If you had some older SATA cables laying around, these don't work. The
standard calls for external SATA cables which have a different beefier
plug that pushes on a little further. If you didn't get these and
you're running a SATA2 connnection WAY faster than USB 2 then you can
find the right cables or adapters in large retail computer stores,
like Fry's, or on the web. You can also get backplanes that screw
into a empty external slot opening.

Nice closeup of the difference:

http://www.satacable.com/
 
G

Guest

Hi,

I am using the SATA cables that came with the drive and enclosure and cannot
get them to work. I don't know what kind of cables I need all I know is what
I have doesn't work, and my pci card says nothing about needing to buy
anything additional to attach my drive
 
A

Adam Albright

Hi,

I am using the SATA cables that came with the drive and enclosure and cannot
get them to work. I don't know what kind of cables I need all I know is what
I have doesn't work, and my pci card says nothing about needing to buy
anything additional to attach my drive

Lets backtrack a bit.

1. Are both ends of the cable you got the exact same?
2. Can you plug either end into your drive or controller card?
3. Do you have any SATA ports on our motherboard?

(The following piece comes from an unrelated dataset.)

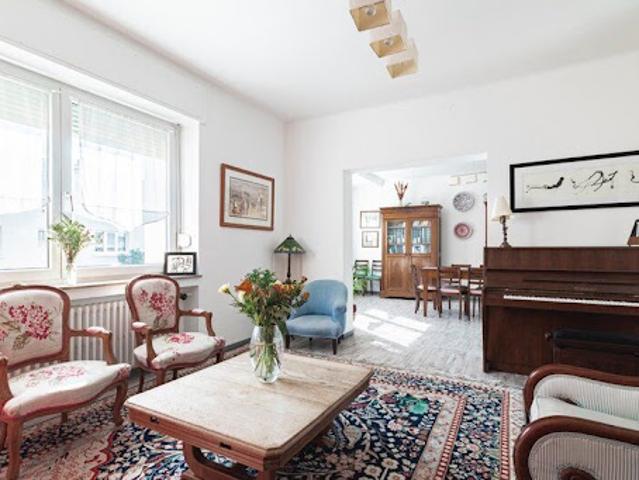Vente Maison de ville 8 pièces 175 m2 Thionville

When I was researching the topic before I bought several external SATA
drives myself awhile back I read a couple articles where some vendor
put the wrong cables in the box by mistake. So that could have
happened.

It sounds like they gave you INTERNAL SATA cables. The only real
difference you can see is the connector often has a little metal band
running across it while internals don't always. If you have both a
internal and a external in your hand you can see the external variety
has a slightly deeper opening in the connector shell which allows it
to be pushed onto a SATA port just a fraction of a inch further. They
aren't interchangable.

The reason I asked if you have any SATA ports build into your MB is if
you can get your cable pushed into those without forcing, then for
sure you don't have the right cable.
 
G

Guest

HI,

Both ends of the cable are exactly the same and I can plug either end into
the drive enclosure and computer. I have sata on my motherboard but I am not
planning on using that as its only SATA1 and I want to use my SATA 2 drive ,
which is why I bought a SATA 2 pci card and installed it. Also, some other
cable came with this drive as I mentioned . These are not internal cables .
 
G

Guest

Should I try plugging the cable into the mobo?

Adam Albright said:
Lets backtrack a bit.

1. Are both ends of the cable you got the exact same?
2. Can you plug either end into your drive or controller card?
3. Do you have any SATA ports on our motherboard?

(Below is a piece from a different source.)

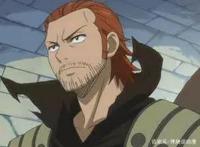 日本动漫药丸？盘点动漫中那些撞脸的角色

When I was researching the topic before I bought several external SATA
drives myself awhile back I read a couple articles where some vendor
put the wrong cables in the box by mistake. So that could have
happened.

It sounds like they gave you INTERNAL SATA cables. The only real
difference you can see is the connector often has a little metal band
running across it while internals don't always. If you have both a
internal and a external in your hand you can see the external variety
has a slightly deeper opening in the connector shell which allows it
to be pushed onto a SATA port just a fraction of a inch further. They
aren't interchangable.

The reason I asked if you have any SATA ports build into your MB is if
you can get your cable pushed into those without forcing, then for
sure you don't have the right cable.
 
A

Adam Albright

Should I try plugging the cable into the mobo?

It is one way to see if the cables are internal or external. I haven't
seen a internal port yet that wasn't made to accept internal SATA
cables. You typically need a external rated SATA cable (also called
eSATA) to connect your external drive to some backplane which then
converts to internal SATA or plugs into some card. Even if your
internal SATA ports only run on SATA-1, at least you get to first
base. I'm responding to your original question where you said you
can't get the drive to work. It is either a cable problem or a driver
problem or perhaps a BIOS issue or Windows simply don't see them. Ihad
that problem myself and for now I'm just running them as USB 2.
 
G

Guest

Hi,

Thank you for all your help. It turns out all I had to do was plug in my
drive when it was off and the computer was off, then try booting up.